Now consider the case where we have missing data in a new sample that we want to categorize. We will create two copies of the data, one that has the target class and one that doesn't. Then we use the iterative method we talked about to make a good guess about the missing values. Let's implement this approach.

In [None]:
def handle_missing_new_sample(model, sample, data, proximity_matrix):
    """
    Handle missing values in a new sample for categorization based on a random forest model.
    """
    # Create two copies of the new sample
    sample_yes = sample.copy()
    sample_no = sample.copy()
    sample_yes['target'] = 'yes'
    sample_no['target'] = 'no'
    
    # Use the iterative method to make a good guess about the missing values
    for _ in range(10):
        proximity_matrix_yes = calculate_proximity_matrix(model, pd.concat([data, sample_yes], ignore_index=True))
        proximity_matrix_no = calculate_proximity_matrix(model, pd.concat([data, sample_no], ignore_index=True))

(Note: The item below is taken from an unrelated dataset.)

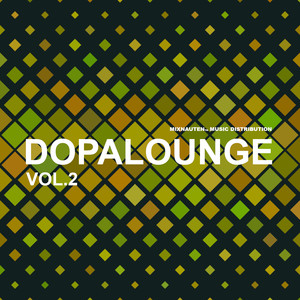 Dopa Lounge (Vol. 2)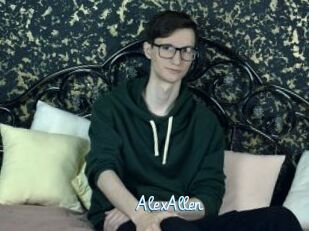 AlexAllen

        sample_yes = refine_guesses(sample_yes, proximity_matrix_yes[-1, :-1])
        sample_no = refine_guesses(sample_no, proximity_matrix_no[-1, :-1])
    
    # Run the two samples down the trees in the forest and see which of the two is correctly labeled by the random forest the most times
    prediction_yes = model.predict_proba(sample_yes.iloc[:, :-1])

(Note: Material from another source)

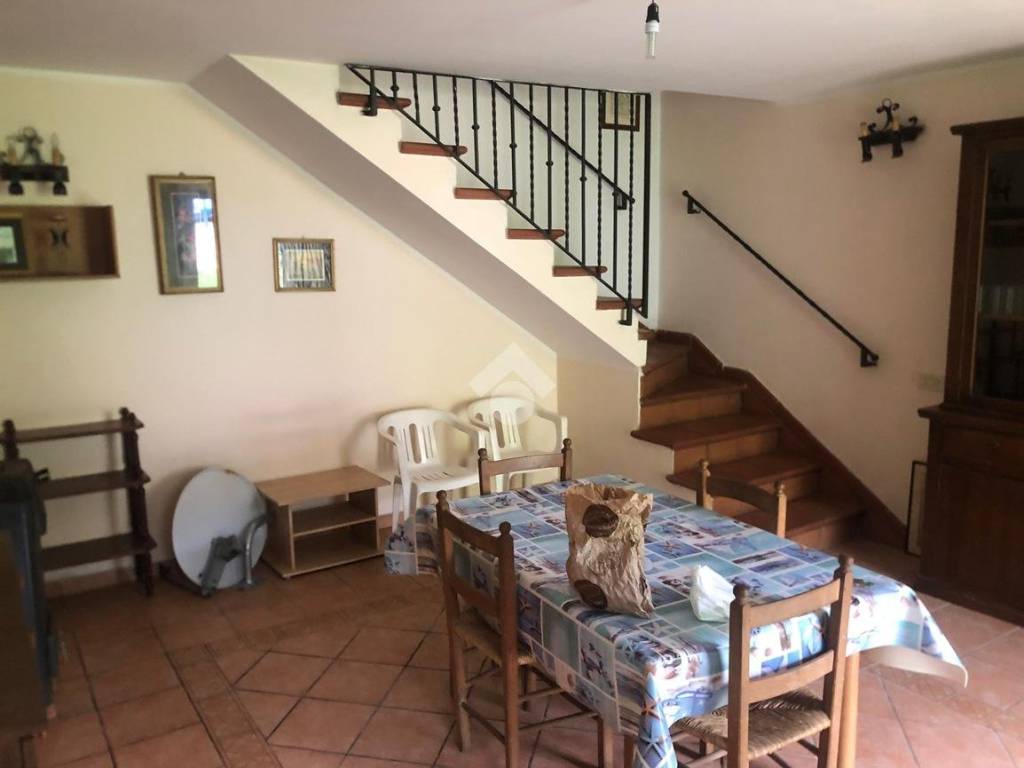 appartamento in affitto a Veroli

    prediction_no = model.predict_proba(sample_no.iloc[:, :-1])
    
    return 'yes' if prediction_yes[0, 1] > prediction_no[0, 1] else 'no'

# Missing data in a new sample
new_sample = pd.DataFrame([[np.nan, 180, 'yes']], columns=data.columns[:-1])
target = handle_missing_new_sample(model, new_sample, data, proximity_matrix)
print(f'The predicted target for the new sample is: {target}')

That's it! Now you have learned how to handle missing data and perform sample clustering in random forests. This knowledge will help you create more robust and accurate random forest models. Happy machine learning!